While I was manning the station, the organization’s coordinator, Bette Sovinee (fellow artist and baker of this cookie) broke up a few leftover spice cookies and put them on the table for guests to taste-test. Folks were gushing about the taste (and smell) and the tactic paid off in immediate sales.

It also got me interested in a nibble. So when The Hubster and daughter Julia came by to bring me another cup of hot tea and check out the artist’s wares, I told them to try a bite. Well, my man could barely contain himself, proclaiming “these are the best spice cookies I’ve ever eaten. You must get the recipe.”  Which, by the way, I had already asked Bette to email to me.


It wasn’t long before we got the necessary ingredients and made the delectables ourselves. Two items we didn’t have on hand were shortening and anise extract, so Russ make a quick dash to the local supermarket. (If you can’t find anise extract, a couple of substitutes are licorice extract or Pernod liqueur.)

While researching a bit about Pfeffernüsse, we found out that the cookies are actually better weeks after you bake them! The flavor of Pfeffernüsse deepens and sharpens with age, so although delicious when first baked, they are incomparably better after a couple of weeks… And supposedly, still better a few weeks after that. So if that theory holds, it’s a great idea to bake them around Thanksgiving to enjoy through the Christmas holidays!

They’re most commonly compared to ginger cookies, but have a deeper flavor profile than most traditional gingerbread cookies. Spice quantities in this recipe are somewhat elastic. Alter measurements to suit your own personal preferences, although I followed it to a “T” the first time out of the gate, with the addition of dunking them into confectioners sugar at the end of baking.

I made the dough on one afternoon but it was too close to preparing dinner to start baking them, so I did that early the following morning. As I was in the midst of taking them off of the baking sheets, Julia came down from upstairs exclaiming “Oh my God, it smells so gooood in here, I thought I was dreaming!” And she’s not necessarily a “spice” girl.

Keep in mind that when Pfeffernüsse are in their “hard” stage, they make a particularly good dunking cookie. They go great with hot tea, coffee or milk—and the dunking helps soften them.

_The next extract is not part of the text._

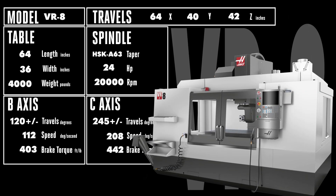We'll start with the VR8. Inside the spacious 64 x 40 x 42 inch workspace, you'll find a big 64 x 36 inch table rated up to 4,000 pounds. That's a massive 2 tons of part and fixturing capacity.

Pfeffernüsse (German Spice Cookie)

  • Servings: Yields about 7 1/2 dozen
  • Difficulty: easy
  • Print


Wet mixture:

  • ½ cup molasses
  • ¼ cup honey
  • ¼ cup shortening
  • ¼ cup margarine/butter
  • 2 eggs
  • 2 tsp. anise extract

Dry mixture:

  • 4 cups flour
  • ¾ cup sugar
  • ½ cup brown sugar
  • 1 ½ tsp. ground cardamom
  • 1 tsp. ground nutmeg
  • 1 tsp. ground cloves
  • 1 tsp. ground ginger
  • 2 tsp. ground cinnamon
  • 1 tsp. black pepper
  • ½ tsp. salt
  • 1 ½ tsp. baking soda
  • 1 cup confectioners powdered sugar, for dusting


  1. In a heavy bottomed, nonreactive, 1 to 1-1/2 quart pot, combine the molasses, honey, shortening and butter.  Place the pot over low heat, stirring often until the butter has melted, all the ingredients are completely combined, and the mixture is creamy. Do not boil. Remove the pot from the heat, pour the mixture into a large bowl, and set aside and allow the mixture to cool to room temperature.
  2. Stir in the beaten eggs and the anise extract. (As you can see, I forgot to beat the eggs first, mea culpa.)
  3. While the mixture is cooling, sift together the flour, white sugar, brown sugar, cinnamon, baking soda, cardamom, allspice, nutmeg, cloves, ginger, black pepper, and salt in a separate bowl.
  4. Add the wet mixture to the sifted dry ingredients until everything is thoroughly combined (the dough will be a stiff dough by this point).
  5. Wrap and chill the dough in the refrigerator for a minimum of 2 hours.
  6. After the dough has chilled, preheat the oven to 350°. Roll the dough into small balls (about 1-inch in diameter, a melon baller is a good help here). Place the balls on the baking sheets, spacing them at least 1-inch apart, as they will spread slightly.
  7. Bake the cookies in the preheated oven for 14 to 15 minutes, until the cookies have lost their shiny look and are slightly firm to the touch (but still soft). The cookies may have some small cracks as well.
  8. While still warm, dunk each cookie top down into confectioners’ sugar to coat the heads. Or for a lighter sugar touch, just dust them with the sugar.
  9. Once cooled, store in an airtight container with wax paper between the layers at room temperature. Allow the cookies to “age” at least 24 hours before serving (a few days to a week is even better).